● **Directions for this task**
Give the lines of the material verbatim, from the first line to the line with "Audi A4 Avant 2.0 TDI - 8", including both.
--- Input data ---
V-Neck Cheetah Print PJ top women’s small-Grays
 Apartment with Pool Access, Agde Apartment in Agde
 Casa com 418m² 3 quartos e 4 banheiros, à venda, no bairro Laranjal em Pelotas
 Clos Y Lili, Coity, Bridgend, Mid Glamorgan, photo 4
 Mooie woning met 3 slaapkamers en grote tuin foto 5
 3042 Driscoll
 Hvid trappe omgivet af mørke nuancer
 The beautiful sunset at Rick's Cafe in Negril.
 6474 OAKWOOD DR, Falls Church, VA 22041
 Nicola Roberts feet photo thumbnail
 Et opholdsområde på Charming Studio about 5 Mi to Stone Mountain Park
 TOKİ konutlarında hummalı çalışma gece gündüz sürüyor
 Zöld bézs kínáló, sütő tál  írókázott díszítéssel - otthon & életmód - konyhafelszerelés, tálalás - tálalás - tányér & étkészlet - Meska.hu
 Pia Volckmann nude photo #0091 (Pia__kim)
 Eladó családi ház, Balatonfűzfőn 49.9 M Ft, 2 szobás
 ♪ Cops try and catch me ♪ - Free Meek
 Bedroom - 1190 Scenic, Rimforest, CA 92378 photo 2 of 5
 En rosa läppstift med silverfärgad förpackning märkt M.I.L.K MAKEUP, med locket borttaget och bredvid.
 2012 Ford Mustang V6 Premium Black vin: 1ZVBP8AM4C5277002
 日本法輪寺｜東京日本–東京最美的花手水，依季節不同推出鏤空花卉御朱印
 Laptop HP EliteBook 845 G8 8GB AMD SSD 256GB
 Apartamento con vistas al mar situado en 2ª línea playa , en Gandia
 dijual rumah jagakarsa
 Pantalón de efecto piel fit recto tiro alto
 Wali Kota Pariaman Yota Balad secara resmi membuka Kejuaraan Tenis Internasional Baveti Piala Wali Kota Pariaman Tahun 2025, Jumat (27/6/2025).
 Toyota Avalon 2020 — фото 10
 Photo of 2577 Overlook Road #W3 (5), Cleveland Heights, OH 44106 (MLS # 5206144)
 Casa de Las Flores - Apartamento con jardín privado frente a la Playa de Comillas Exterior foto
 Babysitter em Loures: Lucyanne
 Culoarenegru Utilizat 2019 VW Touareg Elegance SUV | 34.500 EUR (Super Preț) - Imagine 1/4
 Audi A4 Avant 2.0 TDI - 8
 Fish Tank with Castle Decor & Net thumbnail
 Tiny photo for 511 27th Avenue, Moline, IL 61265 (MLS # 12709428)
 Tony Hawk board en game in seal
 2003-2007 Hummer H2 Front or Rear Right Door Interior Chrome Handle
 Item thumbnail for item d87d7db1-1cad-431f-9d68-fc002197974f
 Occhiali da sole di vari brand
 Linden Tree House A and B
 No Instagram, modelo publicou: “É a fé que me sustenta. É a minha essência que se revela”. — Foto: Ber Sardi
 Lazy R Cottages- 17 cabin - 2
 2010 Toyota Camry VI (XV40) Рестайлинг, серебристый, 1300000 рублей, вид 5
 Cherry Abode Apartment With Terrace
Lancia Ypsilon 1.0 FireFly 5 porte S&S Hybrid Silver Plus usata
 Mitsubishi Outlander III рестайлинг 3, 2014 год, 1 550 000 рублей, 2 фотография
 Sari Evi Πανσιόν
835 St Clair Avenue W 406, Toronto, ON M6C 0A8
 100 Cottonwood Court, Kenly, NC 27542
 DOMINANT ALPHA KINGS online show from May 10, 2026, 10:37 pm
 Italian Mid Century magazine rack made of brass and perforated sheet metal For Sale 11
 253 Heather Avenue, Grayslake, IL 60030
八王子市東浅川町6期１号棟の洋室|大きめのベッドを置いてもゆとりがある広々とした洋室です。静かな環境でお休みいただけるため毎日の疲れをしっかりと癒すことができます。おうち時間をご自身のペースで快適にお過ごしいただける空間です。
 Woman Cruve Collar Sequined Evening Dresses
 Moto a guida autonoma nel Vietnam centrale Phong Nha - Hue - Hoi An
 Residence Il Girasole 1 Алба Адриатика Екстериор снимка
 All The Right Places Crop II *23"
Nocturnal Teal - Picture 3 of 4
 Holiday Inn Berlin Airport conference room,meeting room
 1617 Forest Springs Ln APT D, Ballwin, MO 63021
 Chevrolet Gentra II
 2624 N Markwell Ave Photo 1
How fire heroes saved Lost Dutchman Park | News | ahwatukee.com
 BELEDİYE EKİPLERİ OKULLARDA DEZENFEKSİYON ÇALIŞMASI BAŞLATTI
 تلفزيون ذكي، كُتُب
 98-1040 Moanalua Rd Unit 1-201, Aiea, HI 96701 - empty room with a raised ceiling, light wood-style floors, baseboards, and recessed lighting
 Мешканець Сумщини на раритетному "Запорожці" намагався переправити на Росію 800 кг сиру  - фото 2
---
● **Exercise response**
V-Neck Cheetah Print PJ top women’s small-Grays
 Apartment with Pool Access, Agde Apartment in Agde
 Casa com 418m² 3 quartos e 4 banheiros, à venda, no bairro Laranjal em Pelotas
 Clos Y Lili, Coity, Bridgend, Mid Glamorgan, photo 4
 Mooie woning met 3 slaapkamers en grote tuin foto 5
 3042 Driscoll
 Hvid trappe omgivet af mørke nuancer
 The beautiful sunset at Rick's Cafe in Negril.
 6474 OAKWOOD DR, Falls Church, VA 22041
 Nicola Roberts feet photo thumbnail
 Et opholdsområde på Charming Studio about 5 Mi to Stone Mountain Park
 TOKİ konutlarında hummalı çalışma gece gündüz sürüyor
 Zöld bézs kínáló, sütő tál  írókázott díszítéssel - otthon & életmód - konyhafelszerelés, tálalás - tálalás - tányér & étkészlet - Meska.hu
 Pia Volckmann nude photo #0091 (Pia__kim)
 Eladó családi ház, Balatonfűzfőn 49.9 M Ft, 2 szobás
 ♪ Cops try and catch me ♪ - Free Meek
 Bedroom - 1190 Scenic, Rimforest, CA 92378 photo 2 of 5
 En rosa läppstift med silverfärgad förpackning märkt M.I.L.K MAKEUP, med locket borttaget och bredvid.
 2012 Ford Mustang V6 Premium Black vin: 1ZVBP8AM4C5277002
 日本法輪寺｜東京日本–東京最美的花手水，依季節不同推出鏤空花卉御朱印
 Laptop HP EliteBook 845 G8 8GB AMD SSD 256GB
 Apartamento con vistas al mar situado en 2ª línea playa , en Gandia
 dijual rumah jagakarsa
 Pantalón de efecto piel fit recto tiro alto
 Wali Kota Pariaman Yota Balad secara resmi membuka Kejuaraan Tenis Internasional Baveti Piala Wali Kota Pariaman Tahun 2025, Jumat (27/6/2025).
 Toyota Avalon 2020 — фото 10
 Photo of 2577 Overlook Road #W3 (5), Cleveland Heights, OH 44106 (MLS # 5206144)
 Casa de Las Flores - Apartamento con jardín privado frente a la Playa de Comillas Exterior foto
 Babysitter em Loures: Lucyanne
 Culoarenegru Utilizat 2019 VW Touareg Elegance SUV | 34.500 EUR (Super Preț) - Imagine 1/4
 Audi A4 Avant 2.0 TDI - 8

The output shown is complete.